JP5600026B2 - Satellite receiver and signal receiving method - Google Patents

Description

  The present invention relates to a satellite receiver and a signal receiving method for receiving a signal from an artificial satellite of a satellite navigation system (GNSS).

  GPS (Global Positioning System) provided by the United States is known as a satellite navigation system. The satellite navigation system can measure (position) the position, speed, and time of the satellite receiver by receiving signals from a plurality of artificial satellites.

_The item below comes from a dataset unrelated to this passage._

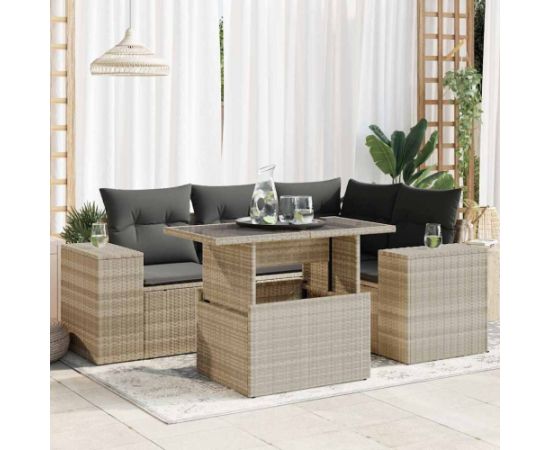 vidaXL vidaXL 5-cz. zestaw mebli do ogrodu, poduszki, jasnoszary rattan PE Dārza mēbeļu komplekti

  In addition, as a satellite navigation system different from GPS, there are Galileo provided by the European Union (EU) and European Space Agency (ESA) and GLONASS provided by Russia (for example, see Non-Patent Document 1). . By using these satellite navigation systems in combination and measuring the position, speed and time of the satellite receiver, the effect of improving the positioning accuracy and positioning rate can be expected.

“Galileo Open Service”, Galileo OS SIS ICD, Draft 1, European Space Agency, February 2008

  Even a satellite receiver that uses a plurality of satellite navigation systems together cannot receive signals from both satellite navigation systems if the signals are blocked by a tunnel, for example. However, there are cases where the signal of one satellite navigation system can be received but the signal of the other satellite navigation system cannot be received. In such a state, the effect of using a plurality of satellite navigation systems together cannot be obtained. One possible cause of this situation is that the satellite orbit information (almanac) of the other satellite navigation system is old.

  However, satellite receivers that use multiple satellite navigation systems do not determine that the almanac is old, and perform positioning using only one satellite navigation system for a long period of time. There was a problem that it could not be obtained.

  Accordingly, an object of the present invention is to provide a satellite receiver and a signal receiving method capable of determining that the satellite orbit information needs to be updated in order to solve the above problems.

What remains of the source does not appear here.